Capture the experts. Agentic gets you there faster.

The goal Eric cares about — getting senior people's judgment out of their heads so it survives retirement — is exactly the case where a hand-built graph is most brittle and agentic retrieval works out of the box. The instinct that this "needs a knowledge graph" is backwards on this kind of data.

What Viridon wants
Capture the judgment and experience of senior experts so it stays with the company when they retire — in a small industry where you can't simply rehire that depth. A repository of knowledge first; automation later.
BetterBrain's mission — 3 years running
Companies carry huge institutional knowledge locked in people's heads. People won't document it — they never have. Our whole reason for existing: extract it, make it accessible, and put it to work.
↑  the same goal  ↑
The catch

This knowledge is messy by nature

It doesn't live in tidy documents with clean filenames. It lives in conversation — senior people thinking out loud, explaining the why behind a call. The value is in the implicit judgment, not in keywords.

SME transcript a senior developer, thinking out loud
SME:"…yeah, on paper the cheaper route looks better, but you can't just go cheapest — that corridor has a landowner who's killed two projects, and the ISO weights deliverability risk heavily there. So we paid up for the safer route on purpose. People see the cost line and think we overspent — we didn't, we were buying down the risk that actually loses bids…"
Nothing here is a clean entity or a labeled relationship. The gold is the unwritten judgment — "cheaper isn't better here, and this is why." That's precisely what gets lost when the expert leaves.
The same data, two approaches

Where each one lands on conversational knowledge

This is the example where the two genuinely diverge — and it cuts against the graph, not for it.

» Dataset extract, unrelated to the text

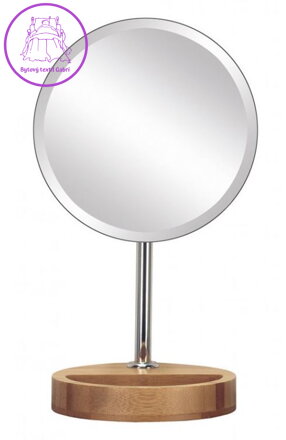 Kosmetické zrcadlo Timber Mirror Ø 17,0 cm natur 2024
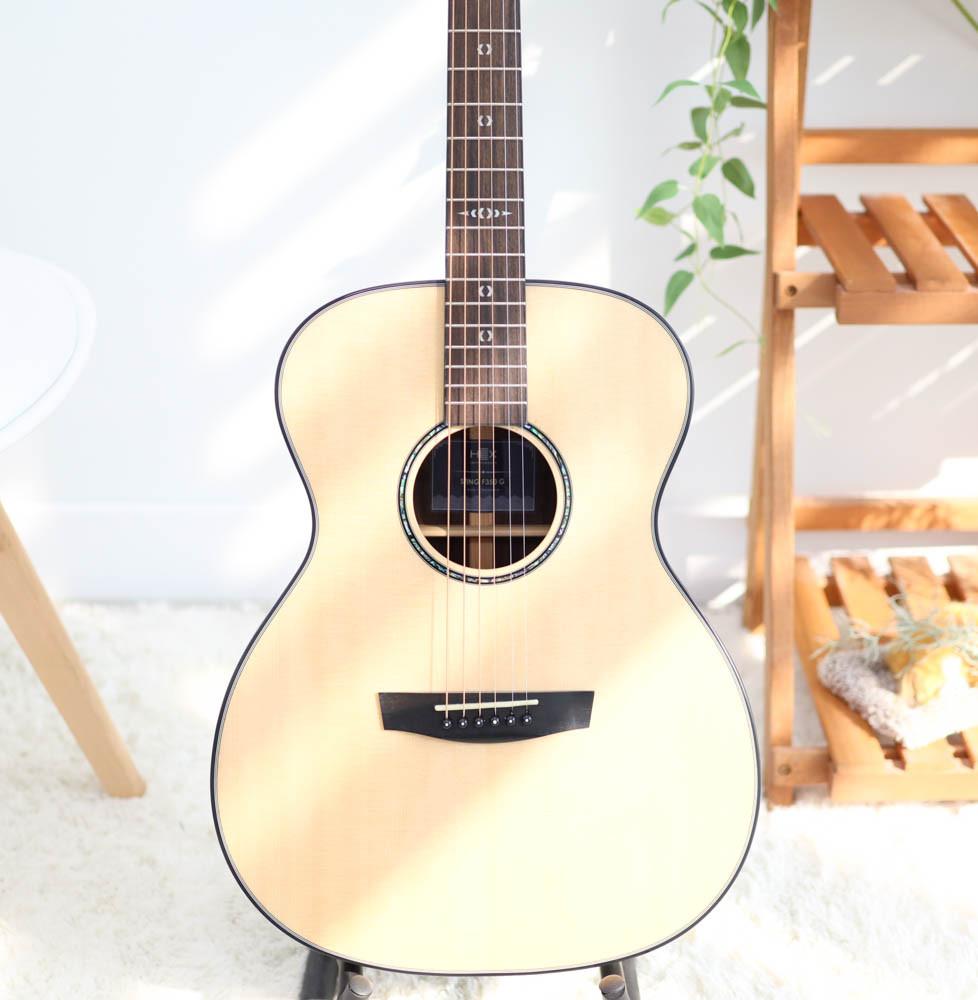 헥스 HEX STING F350 탑솔리드 어쿠스틱 통기타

Knowledge graphweakest here
Must impose structure on unstructured talk
  • Entities are implicit and fuzzy — "that corridor," "the landowner" — hard to extract reliably.
  • The relationships are judgment, not fact — "we paid up on purpose" doesn't fit a clean edge type.
  • You must guess an ontology for experiential knowledge you don't yet understand.
  • Extraction errors over rambling transcripts compound — and a wrong edge silently corrupts answers.
→ Maximum brittleness, maximum maintenance.
Agentic retrievalnative fit
Reasons over the talk as-is
  • Throw the transcripts in — it works on day one. No ontology, no extraction pipeline.
  • It reasons over concepts and experience dynamically, the way a person reading the transcript would.
  • It surfaces the implicit judgment — "cheaper isn't better here, because…" — without anyone pre-wiring it.
  • "Deep research on your data": ask a question, it goes and finds the reasoning wherever it's buried.
→ The vision, working immediately.
Why it matters for the decision

The vision is better served by starting agentic

Better served — and faster
The "capture our experts" vision doesn't require a fragile, hand-built graph over conversational data — that's the slowest, riskiest path to it. Agentic retrieval makes the expertise accessible right away, and exactly as a repository of knowledge, which is what Eric is actually after.
And it's still the asset
The captured knowledge — the layer now, the graph we build later on a proven ontology — is owned IP that transfers with the company. The expertise that would have walked out the door becomes a line item in the data room.
The one line for the room
Cloning your experts is the vision we were built for — and on the messy, conversational knowledge it actually lives in, agentic retrieval is the robust path and the hand-built graph is the brittle one. Our recommendation is to build the graph on the knowledge that agentic retrieval reveals, rather than trying to guess the ontology up front. We recognize that there are benefits to the knowledge graph (latency, deterministic paths, high-frequency lookups), but we believe that agentic retrieval is the more capable approach for this use case, and will help inform a far more powerful knowledge graph build in the near future.